The STIC Technology-A Monolithic Approach for Combining Tantalum and Silicon Technologies

Historically, one of the limitations to higher orders of integration in linear integrated circuits has been the need to go off chip for precise passive components. These passive elements are usually precision capacitors and adjustable resistors for accurate circuit characteristics, such as are required in precise frequency shaping circuits. In the Bell System, the usual configuration has been beam-leaded active integrated circuit (IC) chips bonded onto ceramics that contain tantalum thin film resistors. The marriage of these two technologies in a monolithic approach on a silicon substrate is reported here. An overview of the silicon tantalum integrated circuit (STIC) technology is given. Discussion will center around film parameters, component characteristics, and laser trimming capability including optical effects on active silicon. The applications and advantages of this technology will also be described. The STIC technology development program proceeded along several lines; Ta2N resistor film characterization and processing on silicon, laser trimming of these resistors, capacitor processing and characterization, and the development of the total process on active silicon. Ta2N resistor films with resistivities from 100 to 1000 / were processed into resistor patterns on oxidized silicon substrates and on Si3N4 capped oxidized silicon substrates. A process has been developed to combine the Ta2N resistors onto an active silicon integrated circuit. Accelerated aging test showed the films on SiO2 dieléctrics to be as stable as similar films on ceramic substrates.

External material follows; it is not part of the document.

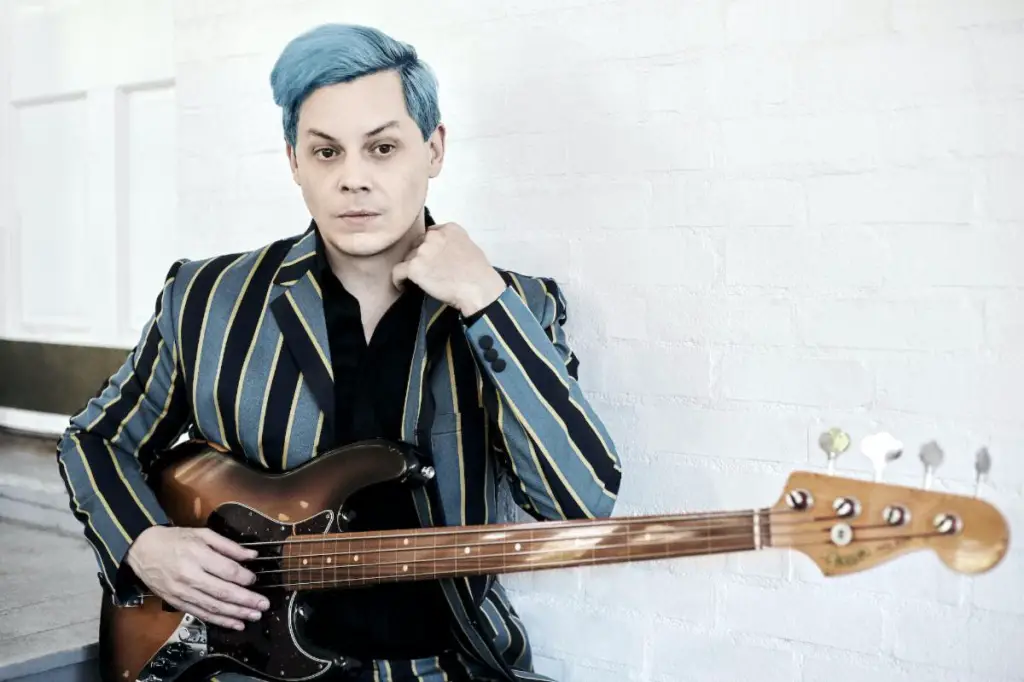 Jack White’s Fear of The Dawn Takes Him Back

Resistor films on Si3N4 dielectrics behave in an anomalous manner, indicating an interaction between the Ta2N and Si3N4. The feasibility and compatibility of combining the tantalum thin film and silicon technologies in a monolithic structure has been demonstrated. The STIC technology will permit greater flexibility in circuit design, and additional level in circuit integration, better circuit performance, increased number of circuits processed in a batch mode, and significant economies in production.